Yesterday one of my best friends, Sterre came to Noordwijk. We walked, made some music (she brought her ukelele), we did some arts and crafts and we drank a lot of tea. It was really nice that she was here, because my parents are around me all the time and I enjoy talking to friends right now.
At night, my mom and dad and me walked to the beach, stood in the sea and we all imagined how the sea helped us letting some stuff go. I noticed that I’m really lazy and I find it hard to really go for things, so I imagined that the sea took that part of me. I think we yelled over there for a while at the sea, I think it was really loud but no one came to rescue us, so I guess it sounded louder to me than it was haha.

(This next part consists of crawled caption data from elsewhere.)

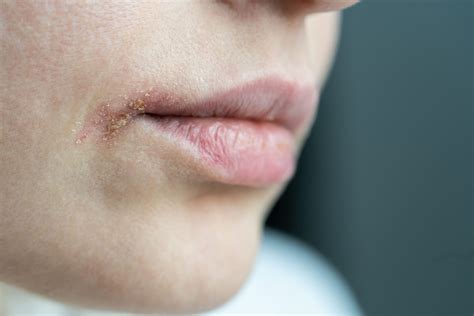 Sore Lips Eczema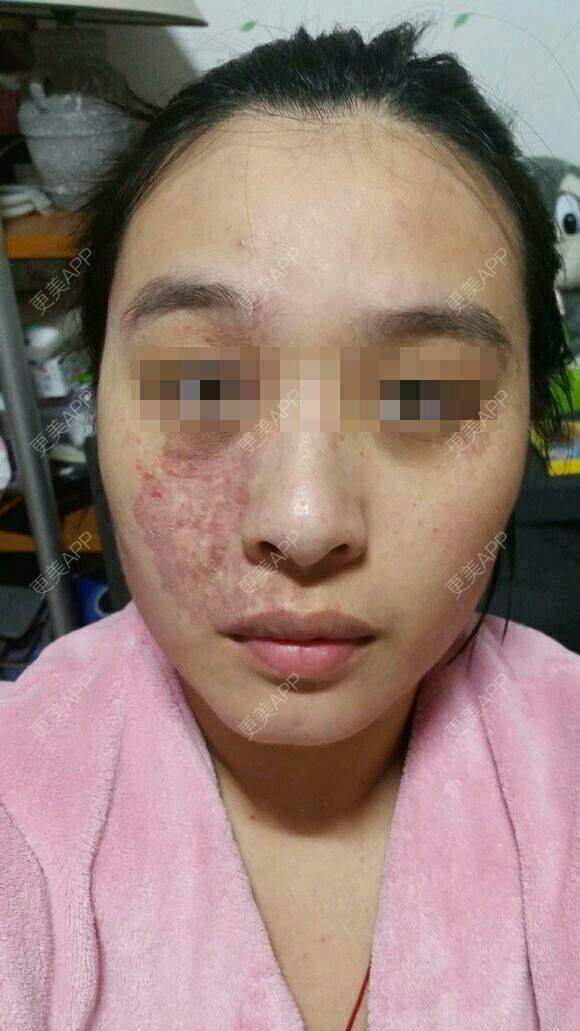 更美 - 更美用户kl7JuxRrp7的经验 | 美购日记 | 去鲜红斑痣 | 成都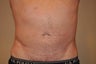 Liposuction of the abdomen and flanks (side/lower back)
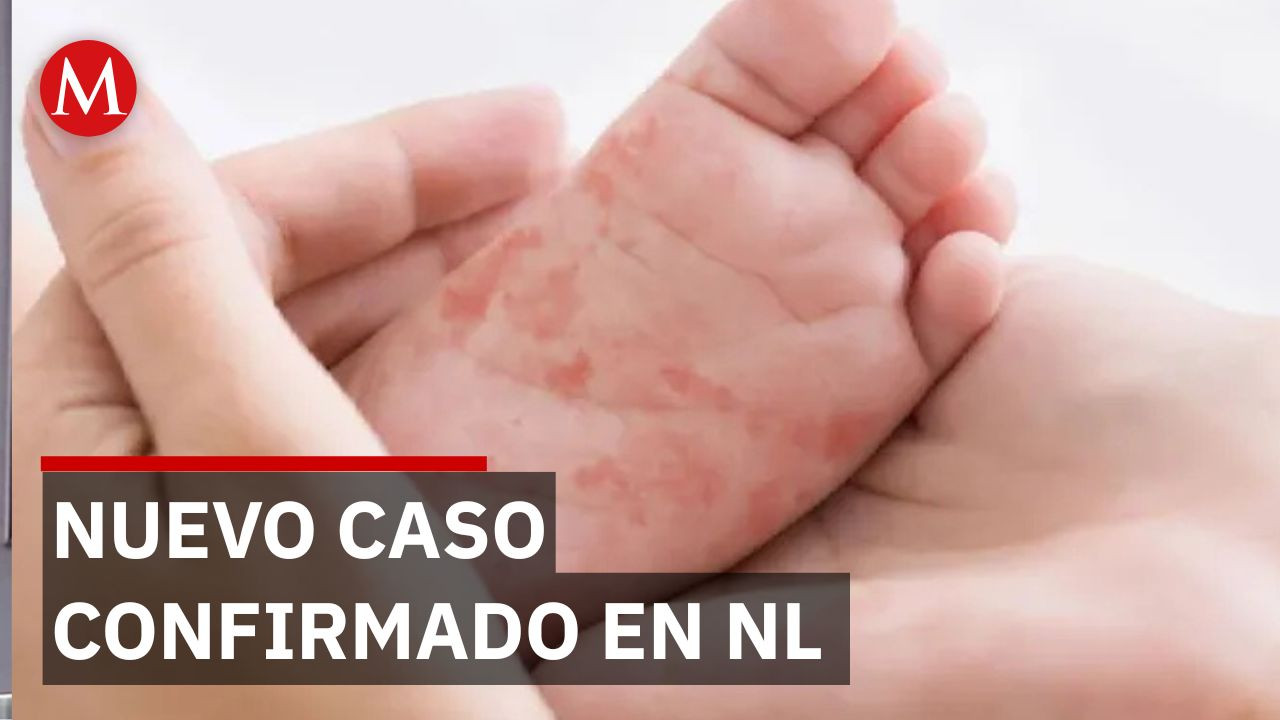 Nuevo León registra 36 casos de sarampión tras confirmar nuevo contagio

Today my wisdom teeth are hurting a lot and it’s hard for me to be active and do stuff. I did do yoga with my mom and a friend of hers who teaches yoga to people. Hidde (my little brother) and my dad came with my two dogs and a lot of cards and presents I got from people. I noticed that people are more scared than I am, but it’s still really nice of them to think about me and send me a card or something! I feel like I am getting more and more energy and I lost about 3 kg since last week.
Crazy stuff: last Friday, when I felt bad, apparently about 46 people meditated for me!!!! This weekend it was about 17 people. Greethje told me that a man with cancer, who is 85 years old is now going to do the same thing as me because he doesn’t feel very good about the hospital.
Today I will give the fears and emotions of other people to the sea and in the future, when I start to notice that I’m taking those things over again, I will drop it into my heart and then into the ground.